Wieting emphasises that bond portfolios are supposed to deliver some income and offset other risks and portfolios over all durations and that he sees building opportunities. For example, emerging market debt has yields that are almost twice that of US Treasury yields, which has led Citi to shift 4% of its total portfolio outside of US equities.
Citi favours “defensive equities”, emphasising dividend growers and companies with strong balance sheets, adding that some small and mid-sized firms in the US and some emerging markets are becoming “undervalued”. “A good deal of that comes from the fact that non-US equities are trading about 12 times expected earnings compared to large cap US equities at 19.5 times,” he says.
Meanwhile, profitable small and mid-cap companies are trading at around 14.5 times earnings, which has created a “massive valuation gap” because investors are looking to avoid risks. “Right now, very defensive large cap stable companies are offering neither value nor growth, they’re just flatlining,” says Wieting. “That [play] is lagging behind the market and is not the way to recover portfolio value and growth.”
“We are seeing increasing opportunities in all of the US equities left behind besides a few large caps driven by AI.”
Tech still an ‘unstoppable trend’
Despite how Wieting views these AI-driven large-cap companies, he believes that the world is likely living through another technological revolution and that the potential of technology as an investment will be broader than the “immediate beneficiaries” of the build-out of AI infrastructure.
Generative AI, which can create an entire suite of content based on a few prompts, has the potential to be a transformative technology driving enormous productivity gains, incremental economic growth and disruption in the process, he says.

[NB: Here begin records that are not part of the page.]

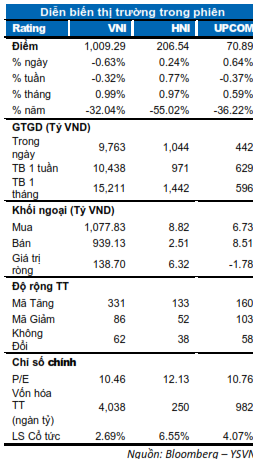 DIỄN BIẾN THỊ TRƯỜNG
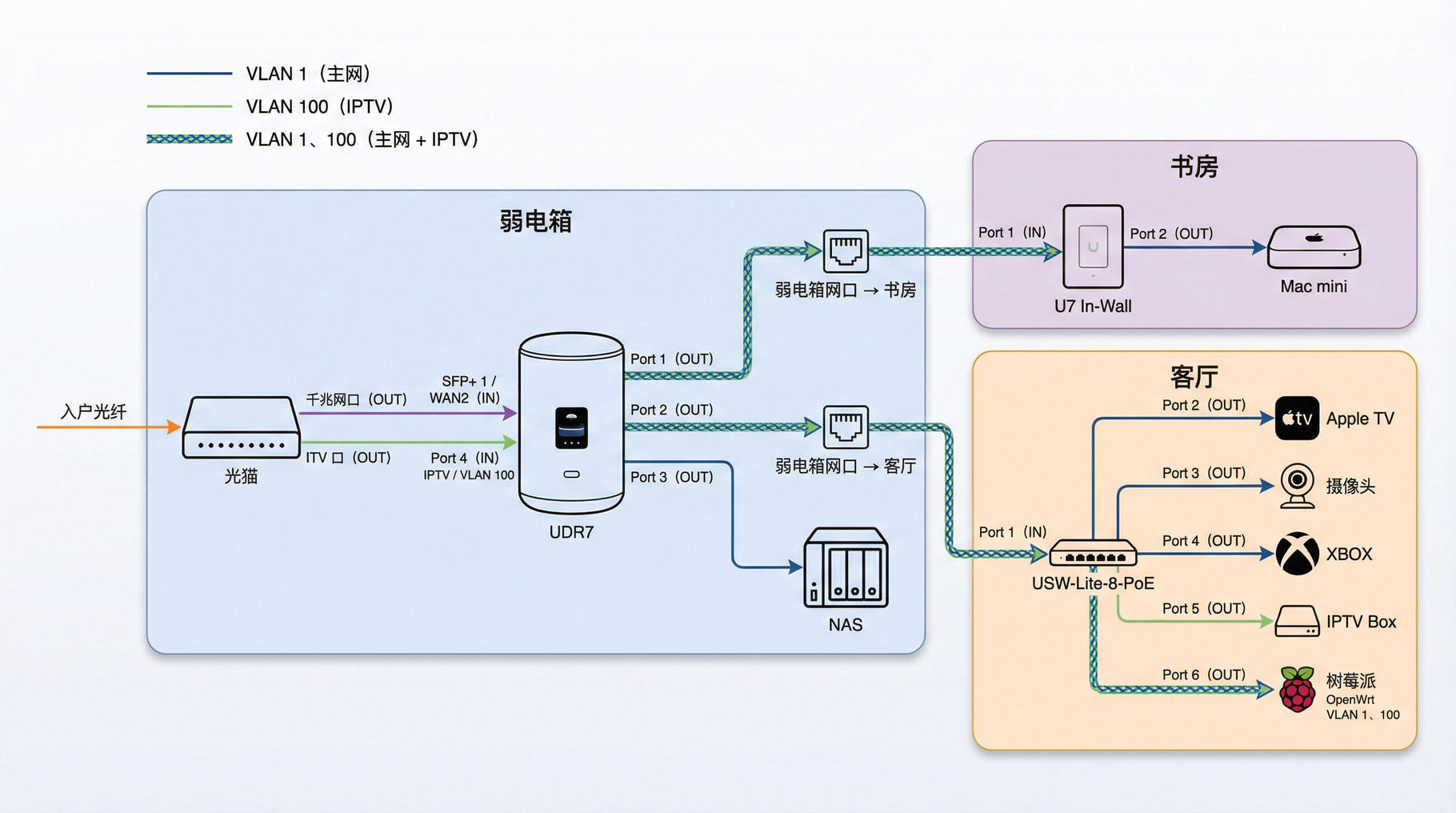 同时支持原始单播 + 组播的网络架构图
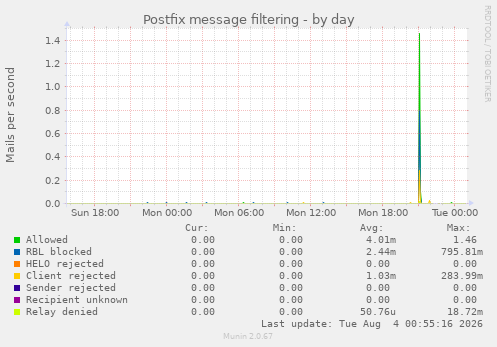 Postfix message filtering
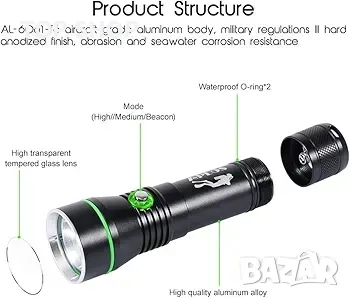 APLOS AP30 3000lm фенерче за гмуркане с 3 режима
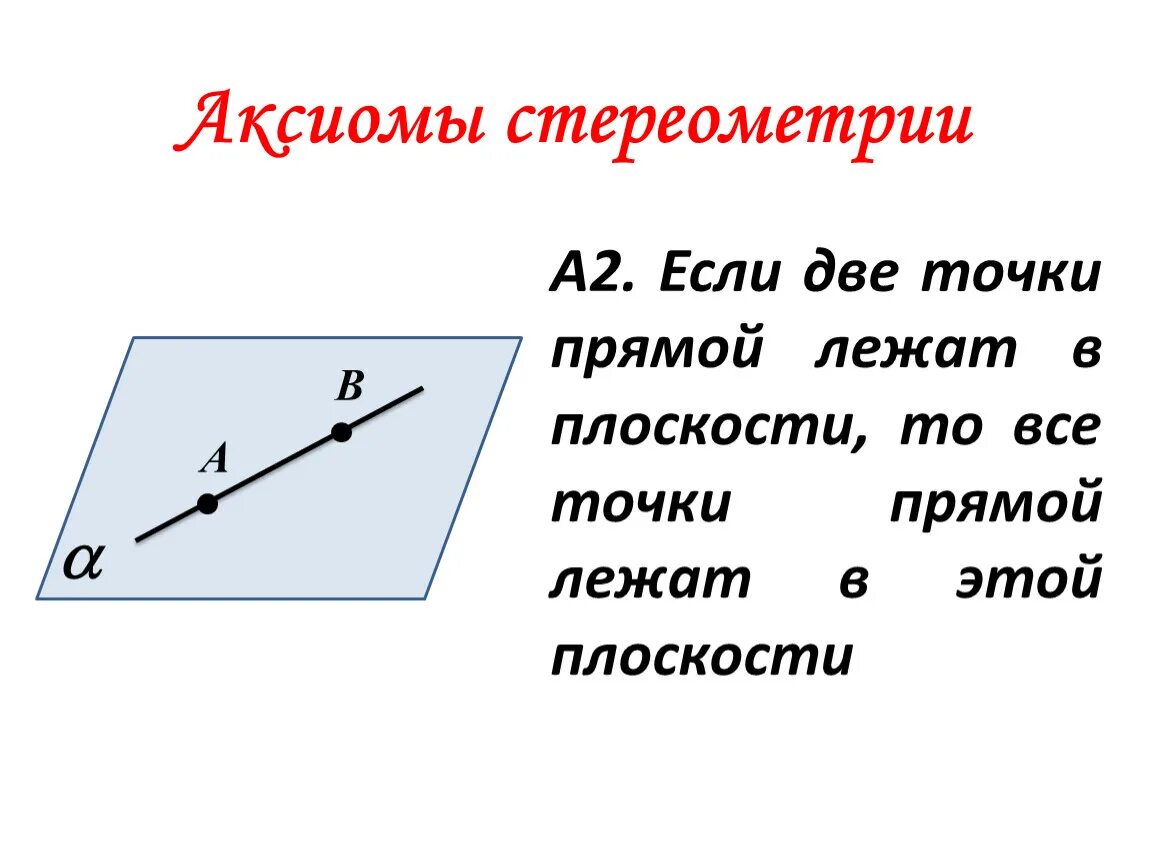 Лежат на прямой знак. С2 (вторая Аксиома стереометрии). Аксиомы а1 а2 а3 из стереометрии. Формулировка второй Аксиомы стереометрии. Аксиомы плоскости.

Even with the long-term prospects of AI, Wieting notes that there aren’t many “pure play” AI opportunities in public markets. “The majority of AI development is occurring in larger companies with varied interests beyond AI,” he explains. For example, Microsoft is the largest shareholder of OpenAI, the company behind the AI chatbot ChatGPT.
Still, he sees growth potential in companies that facilitate its infrastructure, such as hardware manufacturers and cloud computing vendors, that provide the essential computing and infrastructure that support AI as the new technology is integrated into everyday life.
Wieting adds that other parts of the ecosystem to watch for include semiconductor capital equipment makers as well as cyber security companies — a deeply underrated beneficiary of the rapid growth in AI to come as risks related to regulation and data privacy rear their heads in the new industry.
These new areas of growth potential are part of his recommendation for investors to begin their pivot away from a portfolio that consists only of defensive equities. “Everyone’s still waiting for the bad news to happen, but look at what’s happened this year with double-digit gains in equities,” says Wieting. “If you didn’t stay invested for that period, think about what that can mean for your performance versus the benchmark.”